Le gouvernement mobilise 50 millions d’euros par an contre le décrochage scolaire

Najat Vallaud-Belkacem a annoncé un budget de 50 millions d’euros par an pour lutter contre le décrochage des élèves qui sortent du système scolaire chaque année.

salle de classe © Christophe Fouquin - Fotolia

salle de classe © Christophe Fouquin – Fotolia

Tous les ans, 140 000 élèves de 16 à 25 ans quittent le système de formation initiale, sans avoir obtenu de diplôme professionnel ni le baccalauréat. Face à ce constat, le gouvernement a mis en place un plan de lutte interministériel contre le décrochage scolaire, débloquant dans ce cadre 50 millions d’euros par an.

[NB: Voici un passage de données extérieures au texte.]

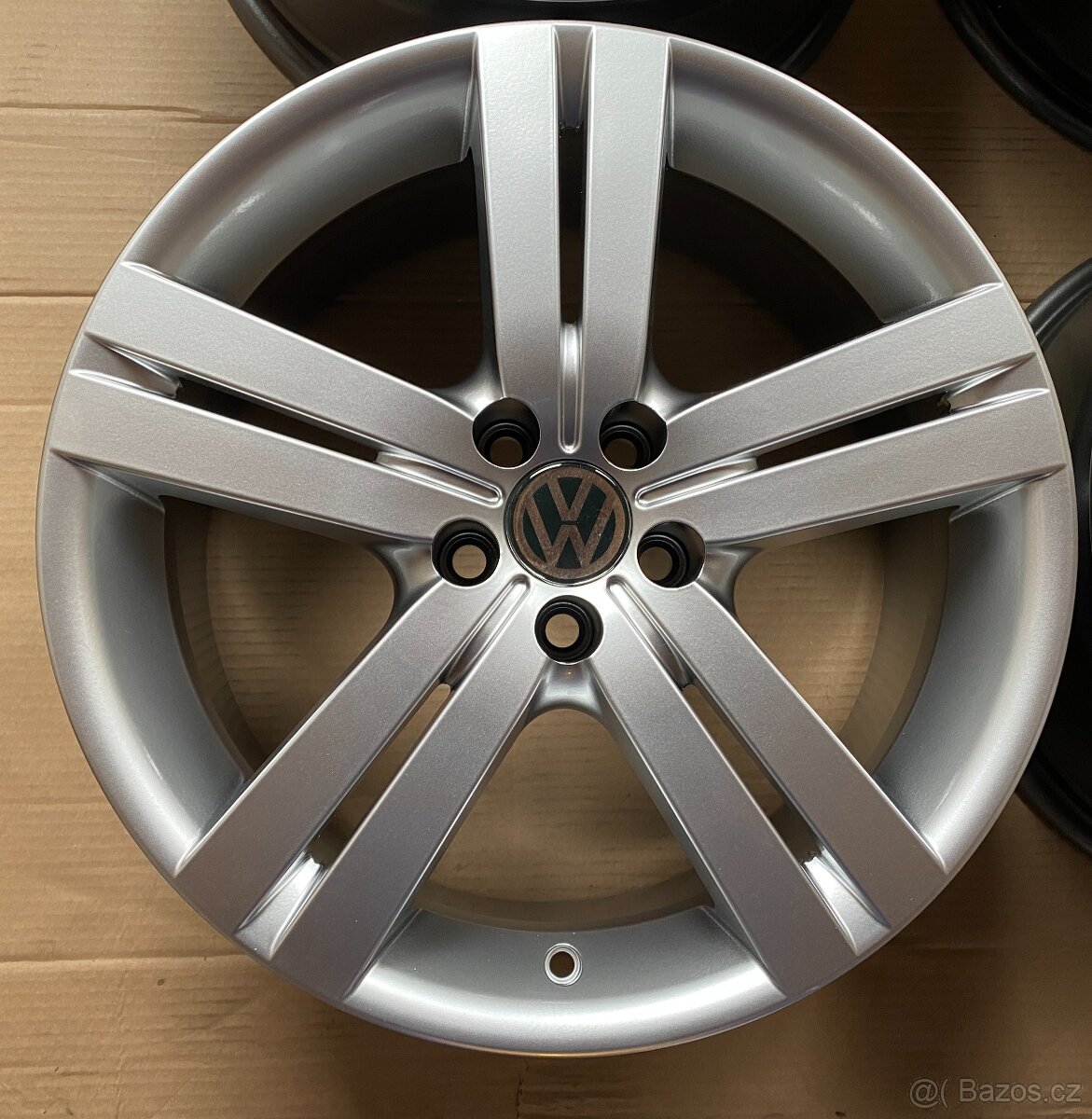 nová alu kola 17", rozteč šroubů 5x100 - 2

“Il faut traiter à la fois la prévention du décrochage (qui a toujours plus d’effet que la réparation), le raccrochage et la remédiation”, indique la ministre de l’Education nationale, Najat Vallaud-Belkacem, au Parisien.

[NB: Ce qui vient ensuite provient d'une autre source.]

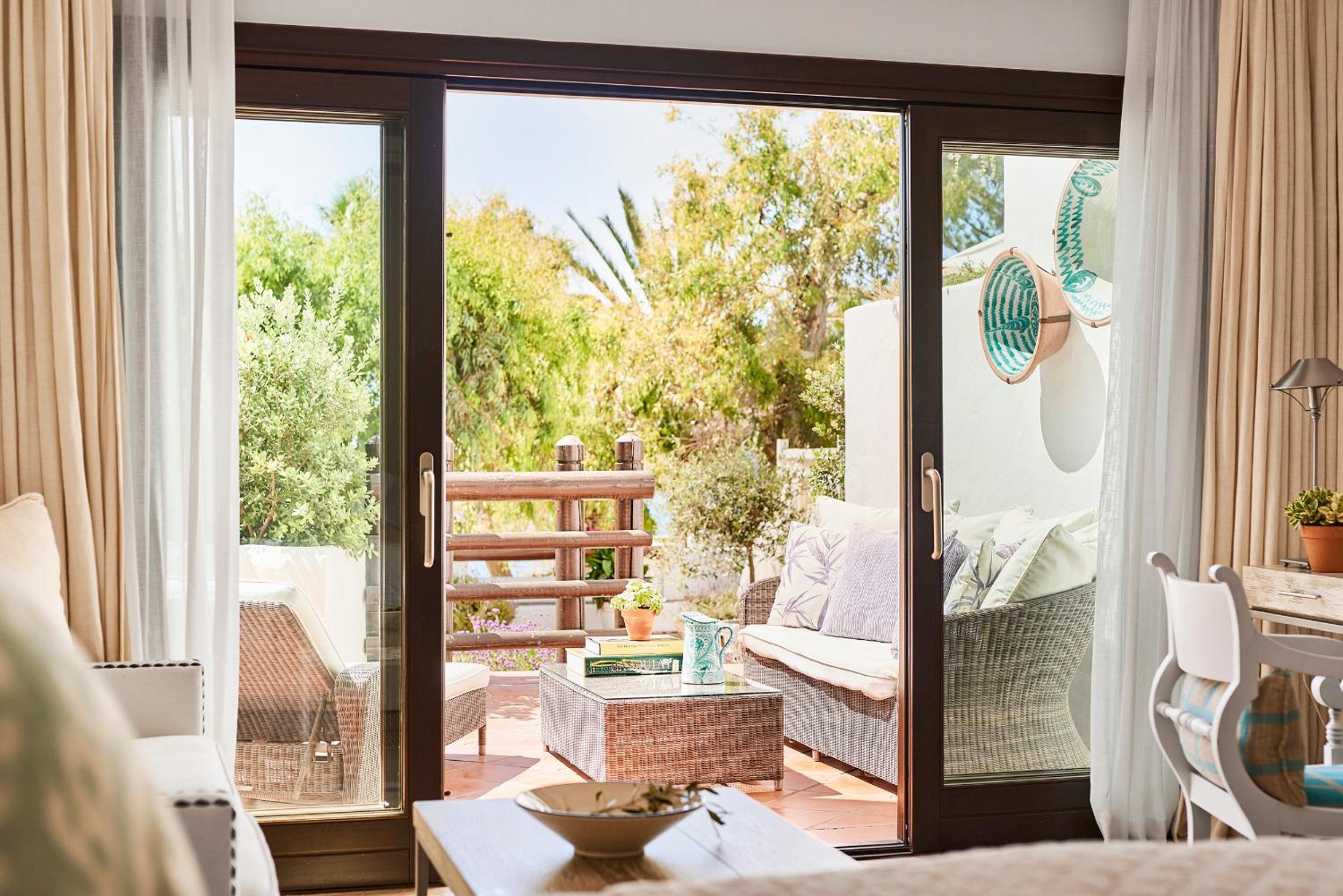 Deluxe Beach Front Room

Un redoublement exceptionnel

A partir de la rentrée 2015, en accord avec les parents, le redoublement deviendra exceptionnel. “Il sera limité aux seules situations qui le justifient – rupture prolongée de la scolarité pour maladie par exemple, ou encore choix délibéré de refaire l’année pour obtenir l’affectation demandée”, remarque la ministre de l’Education nationale.

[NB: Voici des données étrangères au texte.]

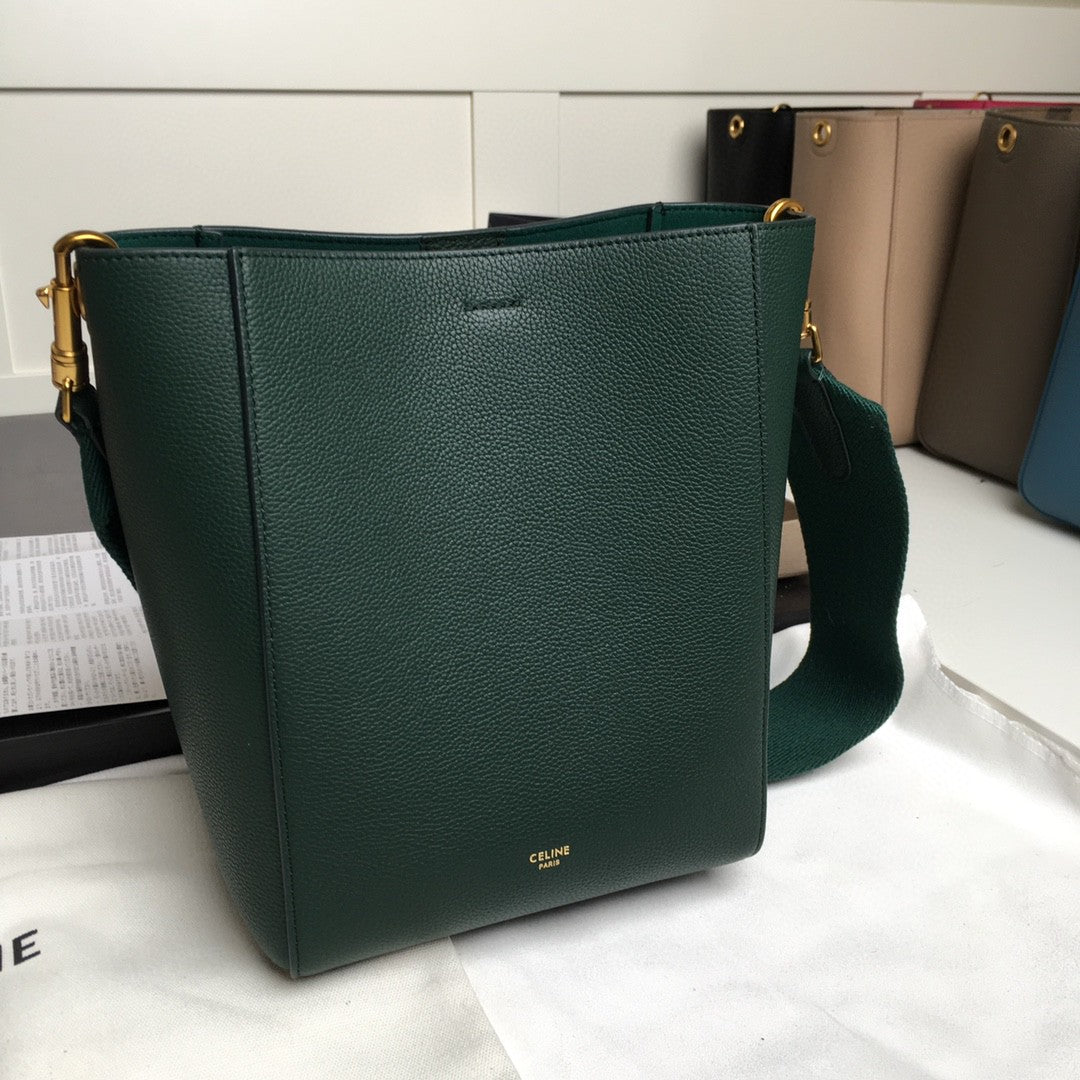 SAC SANGLE SEAU SEAU 24 CUIR DE VEAU VERT FORÊT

Pour prévenir tout redoublement, le plan prévoit une formation des enseignants à la “détection précoce des difficultés scolaires” et le repérage des “signes annonciateurs”. “La prévention fera partie intégrante de la mission des professeurs. Des référents décrochage seront présents dans chaque établissement, et le suivi des absences sera amélioré”, explique la ministre.

Les parents devraient eux aussi être davantage impliqués. “Nous allons les associer au parcours scolaire et à l’orientation de leur enfant, notamment avec des formations à une meilleure connaissance de l’institution scolaire pour ceux qui en éprouvent le besoin”, remarque Najat Vallaud-Belkacem.

Un parcours et un accompagnement personnalisés

Concernant le “raccrochage”, en cas de “rupture ponctuelle de la scolarité”, le gouvernement propose qu’un lien soit maintenu, systématiquement, “avec au moins un enseignant, pour préparer le retour en classe”, ainsi qu’une ”prise en charge adaptée et personnalisée par des équipes constitués non seulement de professionnels de l’éducation, médico-sociaux, mais aussi d’associations”.

Quant aux 15-18 ans “dont le risque de décrochage est avéré”, ces derniers pourront bénéficier d’un parcours de stagiaire de la formation initiale personnalisé. “Pris en charge par un tuteur, toujours sous statut scolaire, ils pourront faire un stage de découverte en entreprise, un service civique, le temps de mûrir un projet et de trouver une solution de formation adaptée”, explique la ministre.

Les élèves ayant échoué à leurs examens pourront en outre bénéficier d’une formation adaptée, leur permettant de ne repasser que les matières non validées. “Il faut cette souplesse pour qu’un maximum de jeunes obtiennent un diplôme, le meilleur atout pour la vie professionnelle”, ajoute Najat Vallaud-Belkacem.

Un droit à la formation des 16-25 ans renforcé

Dans le cadre de son plan de lutte,  le droit à la formation des 16-25 ans devrait être renforcé. Les jeunes décrocheurs se verront ainsi proposer un retour sous statut scolaire, deux ans après leur sortie du système éducatif.

“On ne peut plus perdre de vue un jeune sans solution. Celui qui a quitté les bancs de l’école à 16 ans ou avant et qui à 20 ans le regrette, pourra demander à être repris en charge », explique Najat Vallaud-Belkacem au Parisien. Un rendez-vous dans les 15 jours lui sera proposé, avec un conseiller du service public d’orientation régional, “qui construira avec lui une solution de retour, soit sous statut scolaire, soit comme stagiaire de la formation professionnelle, soit en alternance”.

Enfin, le gouvernement lancera prochainement une étude pour évaluer la pertinence de faire passer l’obligation de scolarité de 16 à 18 ans.